TANISTRY (from Gaelic tana, lordship), a custom among various Celtic tribes, by which the king or chief of the clan was chosen from among the heads of the septs and elected by them in full assembly. He held office for life and was required by custom to be of full age, in possession of all his faculties and without any remarkable blemish of mind or body. At the same time, and subject to the same conditions, a tanist or next heir to the chieftaincy was elected, who if the king died or became disqualified, at once became king. Usually the king's son became tanist, but not because the system of primogeniture was in any way recognized; indeed, the only principle adopted was that the dignity of chieftainship should descend to the eldest and most worthy of the same blood. These epithets, as Hallam says, were not necessarily synonymous, but merely indicated that the preference given to seniority was to be controlled by a due regard to desert (Constit. Hist., vol. iii. c. xviii.). This system of succession left the headship open to the ambitious, and was a frequent source of strife both in families and between the clans. Tanistry was abolished by a legal decision in the reign of James I. and the English land system substituted.


TANJORE, a city and district of British India in the Madras presidency.

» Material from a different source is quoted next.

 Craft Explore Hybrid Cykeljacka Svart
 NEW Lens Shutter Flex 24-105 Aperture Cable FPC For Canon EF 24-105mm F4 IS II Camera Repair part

The city is situated on the right bank of the river Cauvery, and is an important junction on the South Indian railway, 218 m. S. of Madras. Pop. (1901) 57,870. As the last capital of the ancient Hindu dynasty of the Cholas, and in all ages one of the chief political, literary and religious centres of the south, the city is full of interesting associations. It was the scene of the earliest labours of Protestant missionaries in India. The modern history of Tanjore begins with its conquest by the Mahrattas in 1674 under Venkaji, the brother of Sivaji the Great. The British first came into contact with Tanjore by their expedition in 1749 with a view to the restoration of a deposed raja. In this they failed, and a subsequent expedition was bought off. The Mahrattas practically held Tanjore until 1799. In October of that year the district was ceded to the East India Company in absolute sovereignty by Raja Sharabhoji, pupil of the missionary Schwarz. The raja retained only the capital and a small tract of country round. He died in 1833 and was succeeded by his son Sivaji, on whose death in 1855 without an heir the house became extinct. The mission at Tanjore was founded in 1778 by the Rev. Christian F. Schwarz or Schwartz (1726-1798). The mission establishments were taken over in 1826 by the Society for the Propagation of the Gospel, which subsequently founded new stations in several parts of the district. Roman Catholic missions date from the first half of the 17th century. St Peter's College, founded by Schwarz as a school, is now a first-grade college affiliated to the university of Madras. His church dates from 1779. Among interesting ancient buildings may be mentioned the palace within the fort, containing an armoury and fine library; and the Brihadiswaraswami temple, of the nth century, enclosed in two courts, surmounted by a lofty tower and including the exquisitely decorated shrine of Subrahmanya. Though the city has specialities of jewelry, carpets, modelling in pith, &c, there are no large industries.

The District of Tanjore has an area of 3710 sq. m. On account of its fertility it has been called the " Gaiden of Southern India." It is irrigated by an elaborate system of dams, cuts and canals in connexion with the rivers Cauvery and Coleroon, and the soil is exceedingly productive. The delta of the Cauvery occupies the flat northern part, which is highly cultivated, dotted over with groves of coco-nut trees, and is one of the most densely populated tracts in India. The staple crop is rice, which is grown on 77 per cent, of the cultivated area. Tanjore is a land of temples, many of them being of very early date. The district is traversed by the main line and several branches of the South Indian railway, some of which have been constructed by the district board. The chief seaport is Negapatam, and the principal export is rice to Ceylon. The population in 1901 was 2,245,029.

See Tanjore District Gazetteer (Madras, 1906).